§ **BRIEF**
There are pictures in the records below; leave them out and set down exactly the lines from the one holding "Manifestacja w Warszawie" through the one holding "Mini botella de".

§ **MATERIAL PROVIDED**
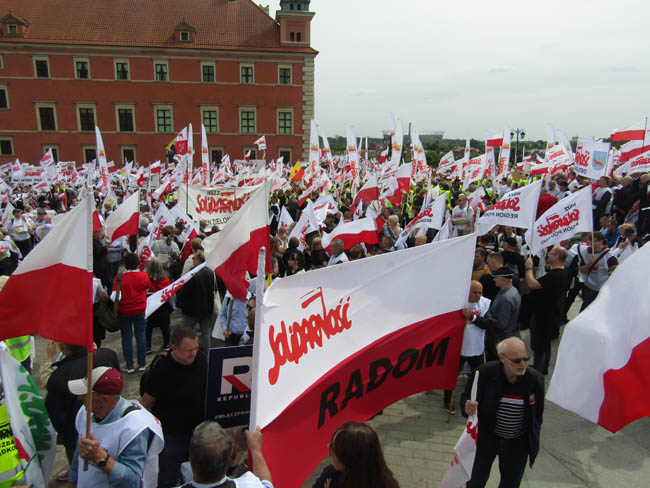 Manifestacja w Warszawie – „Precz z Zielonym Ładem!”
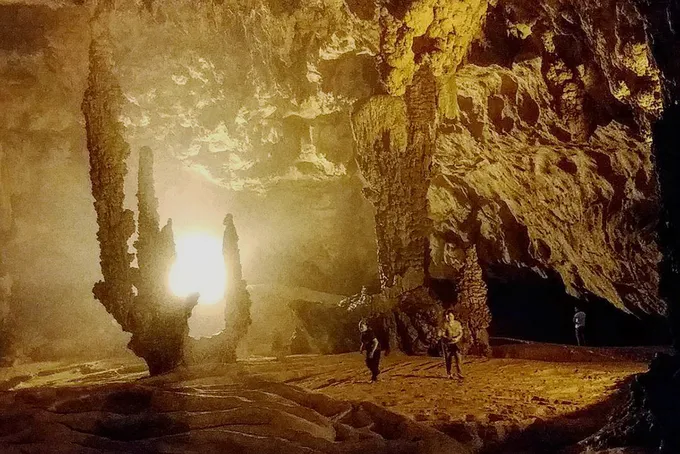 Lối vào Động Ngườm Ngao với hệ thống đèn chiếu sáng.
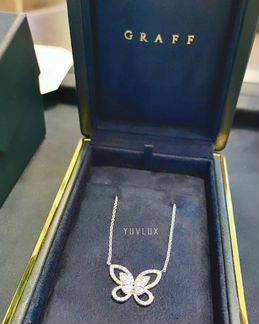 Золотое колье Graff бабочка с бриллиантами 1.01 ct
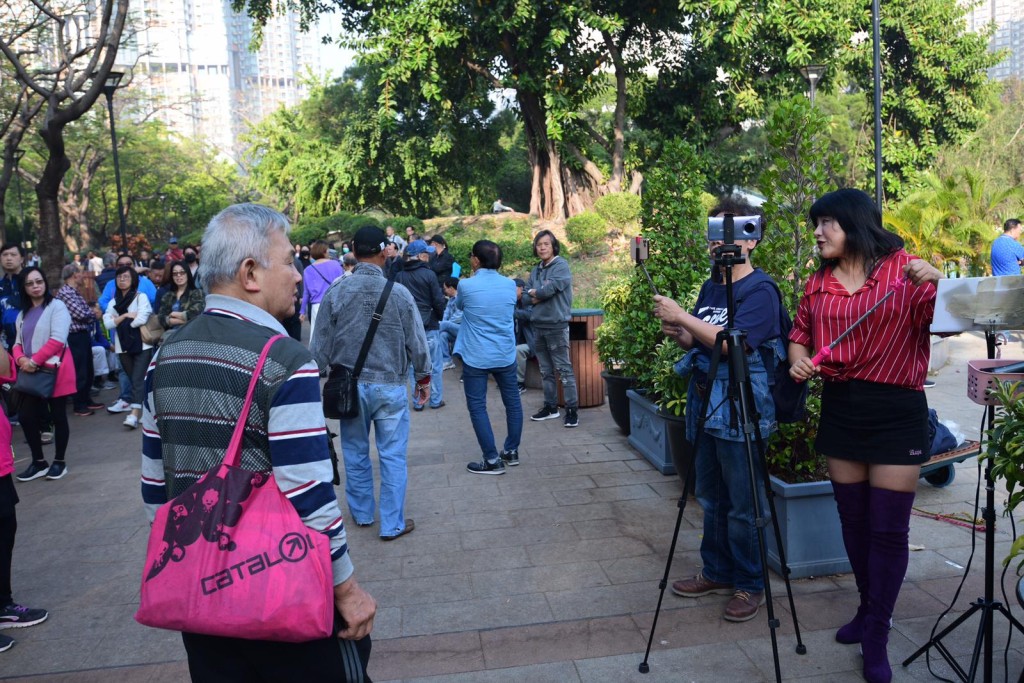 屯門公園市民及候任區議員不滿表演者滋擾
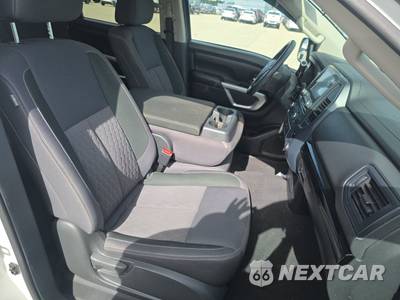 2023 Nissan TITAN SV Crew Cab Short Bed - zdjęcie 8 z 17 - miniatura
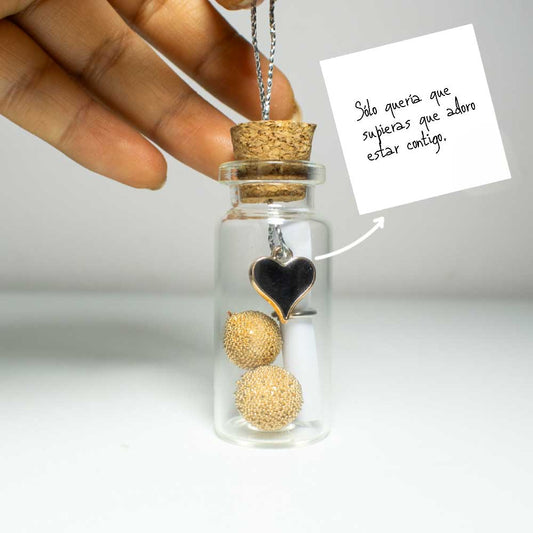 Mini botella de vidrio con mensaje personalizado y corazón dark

--

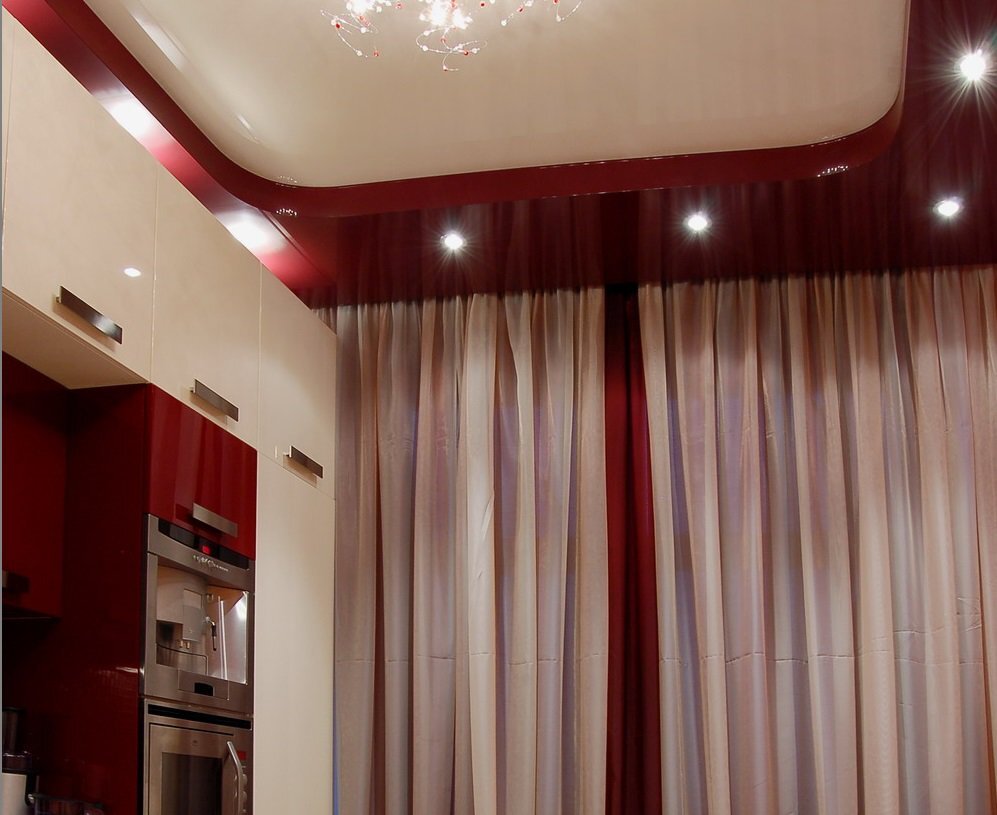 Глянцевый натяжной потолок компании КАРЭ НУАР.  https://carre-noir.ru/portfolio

==

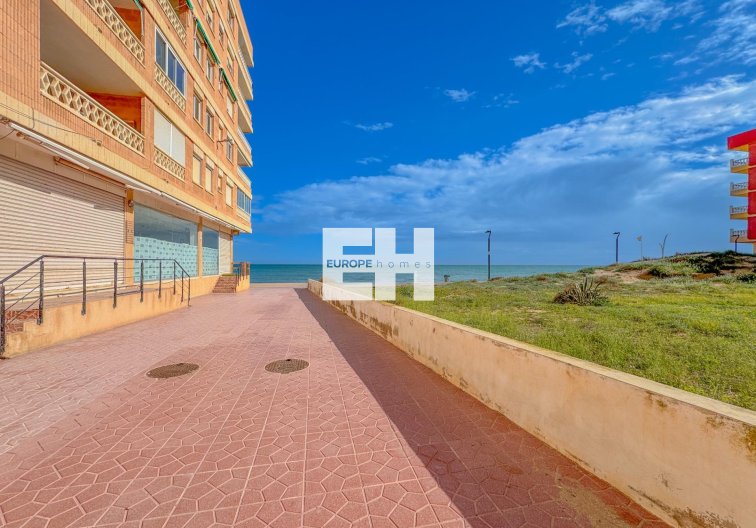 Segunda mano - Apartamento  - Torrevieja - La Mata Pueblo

§ **SOLUTION FOR THIS PROBLEM**
 Manifestacja w Warszawie – „Precz z Zielonym Ładem!”
 Lối vào Động Ngườm Ngao với hệ thống đèn chiếu sáng.
 Золотое колье Graff бабочка с бриллиантами 1.01 ct
 屯門公園市民及候任區議員不滿表演者滋擾
 2023 Nissan TITAN SV Crew Cab Short Bed - zdjęcie 8 z 17 - miniatura
 Mini botella de vidrio con mensaje personalizado y corazón dark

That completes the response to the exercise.